Whatever the data contains, copy all of it exactly.

****************

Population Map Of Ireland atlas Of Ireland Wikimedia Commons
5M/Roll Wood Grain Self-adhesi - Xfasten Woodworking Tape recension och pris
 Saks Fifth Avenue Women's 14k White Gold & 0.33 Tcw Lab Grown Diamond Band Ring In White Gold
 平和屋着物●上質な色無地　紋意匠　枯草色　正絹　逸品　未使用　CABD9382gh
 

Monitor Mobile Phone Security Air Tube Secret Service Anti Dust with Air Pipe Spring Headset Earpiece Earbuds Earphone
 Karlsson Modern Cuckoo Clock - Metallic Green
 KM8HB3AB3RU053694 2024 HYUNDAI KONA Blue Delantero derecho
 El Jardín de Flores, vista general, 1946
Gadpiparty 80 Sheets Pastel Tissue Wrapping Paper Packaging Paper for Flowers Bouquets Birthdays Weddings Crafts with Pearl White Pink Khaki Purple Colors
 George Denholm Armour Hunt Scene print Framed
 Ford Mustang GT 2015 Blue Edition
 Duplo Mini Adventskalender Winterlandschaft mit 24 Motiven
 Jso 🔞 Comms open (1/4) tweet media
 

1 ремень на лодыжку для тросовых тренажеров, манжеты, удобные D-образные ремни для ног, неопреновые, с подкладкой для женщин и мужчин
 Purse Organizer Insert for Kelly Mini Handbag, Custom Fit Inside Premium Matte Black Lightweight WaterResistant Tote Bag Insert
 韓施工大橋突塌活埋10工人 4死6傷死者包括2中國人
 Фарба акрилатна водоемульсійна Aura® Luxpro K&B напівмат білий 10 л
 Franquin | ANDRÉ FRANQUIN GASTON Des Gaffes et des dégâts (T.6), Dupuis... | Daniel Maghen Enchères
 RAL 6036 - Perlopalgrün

****************

▸ Output for this task
Population Map Of Ireland atlas Of Ireland Wikimedia Commons
5M/Roll Wood Grain Self-adhesi - Xfasten Woodworking Tape recension och pris
 Saks Fifth Avenue Women's 14k White Gold & 0.33 Tcw Lab Grown Diamond Band Ring In White Gold
 平和屋着物●上質な色無地　紋意匠　枯草色　正絹　逸品　未使用　CABD9382gh
 

Monitor Mobile Phone Security Air Tube Secret Service Anti Dust with Air Pipe Spring Headset Earpiece Earbuds Earphone
 Karlsson Modern Cuckoo Clock - Metallic Green
 KM8HB3AB3RU053694 2024 HYUNDAI KONA Blue Delantero derecho
 El Jardín de Flores, vista general, 1946
Gadpiparty 80 Sheets Pastel Tissue Wrapping Paper Packaging Paper for Flowers Bouquets Birthdays Weddings Crafts with Pearl White Pink Khaki Purple Colors
 George Denholm Armour Hunt Scene print Framed
 Ford Mustang GT 2015 Blue Edition
 Duplo Mini Adventskalender Winterlandschaft mit 24 Motiven
 Jso 🔞 Comms open (1/4) tweet media
 

1 ремень на лодыжку для тросовых тренажеров, манжеты, удобные D-образные ремни для ног, неопреновые, с подкладкой для женщин и мужчин
 Purse Organizer Insert for Kelly Mini Handbag, Custom Fit Inside Premium Matte Black Lightweight WaterResistant Tote Bag Insert
 韓施工大橋突塌活埋10工人 4死6傷死者包括2中國人
 Фарба акрилатна водоемульсійна Aura® Luxpro K&B напівмат білий 10 л
 Franquin | ANDRÉ FRANQUIN GASTON Des Gaffes et des dégâts (T.6), Dupuis... | Daniel Maghen Enchères
 RAL 6036 - Perlopalgrün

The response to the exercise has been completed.